*INSTRUCTIONS TO FOLLOW*: Copy out each line of the material exactly. Pictures do not belong in the copy.

*THE DATA*:
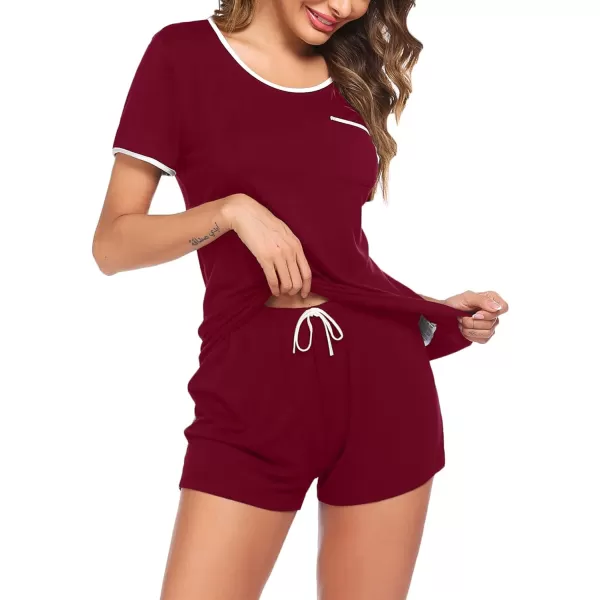 Ekouaer Pajama Set for Women 2 Piece Lounge Set Tops and Shorts Soft Sleepwear Chest PocketWine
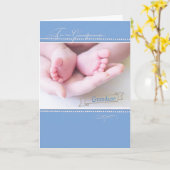 Nieuwe eerste keer grootouders, kleinzoon, Blue Co Kaart (Gele Bloem)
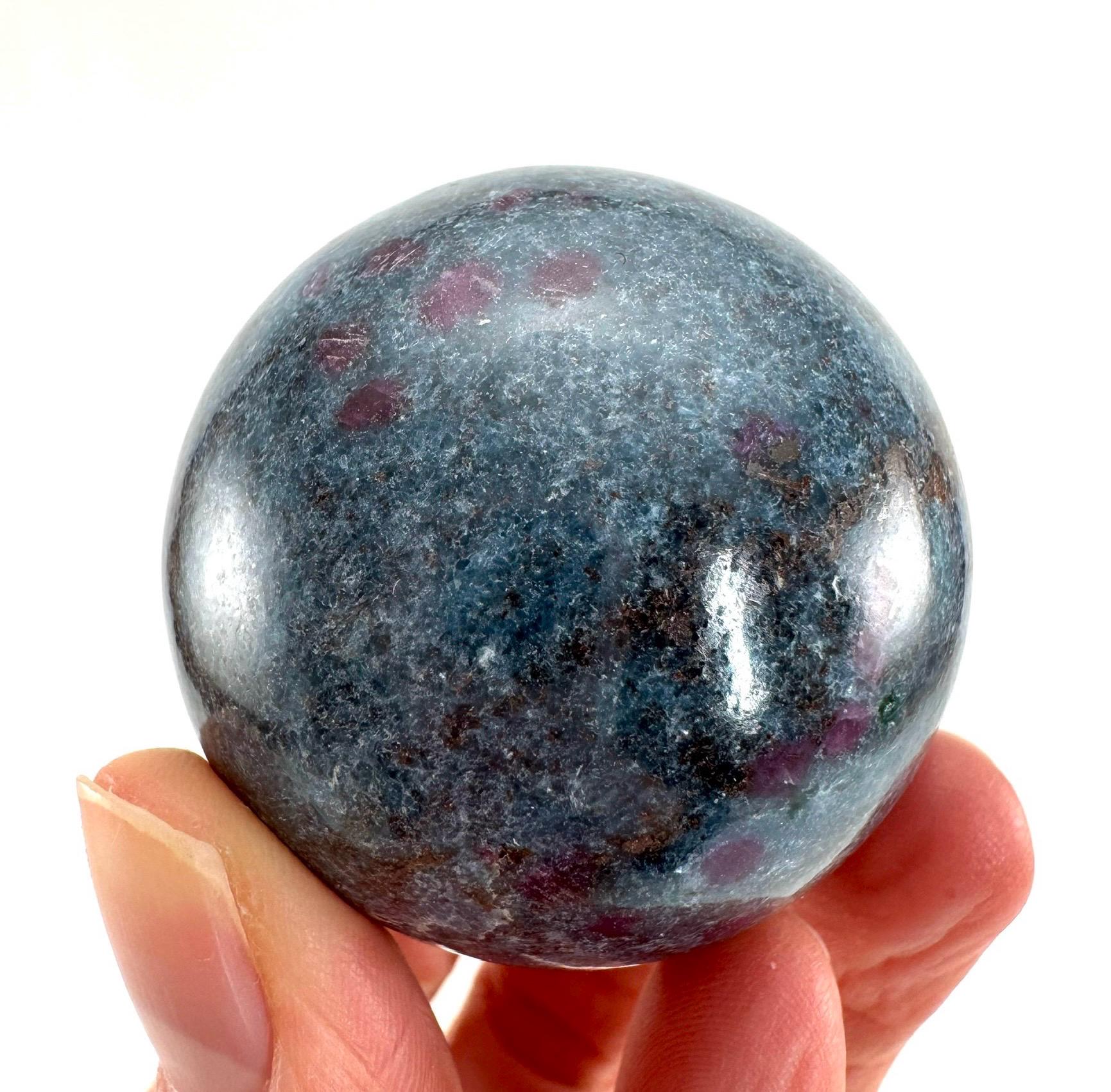 Ruby in Kyanite Sphere (UV Reactive) | Ruby Kyanite crystal ball, polished Kyanite, crystal ball, crystal sphere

*PROBLEM SOLUTION*:
 Ekouaer Pajama Set for Women 2 Piece Lounge Set Tops and Shorts Soft Sleepwear Chest PocketWine
 Nieuwe eerste keer grootouders, kleinzoon, Blue Co Kaart (Gele Bloem)
 Ruby in Kyanite Sphere (UV Reactive) | Ruby Kyanite crystal ball, polished Kyanite, crystal ball, crystal sphere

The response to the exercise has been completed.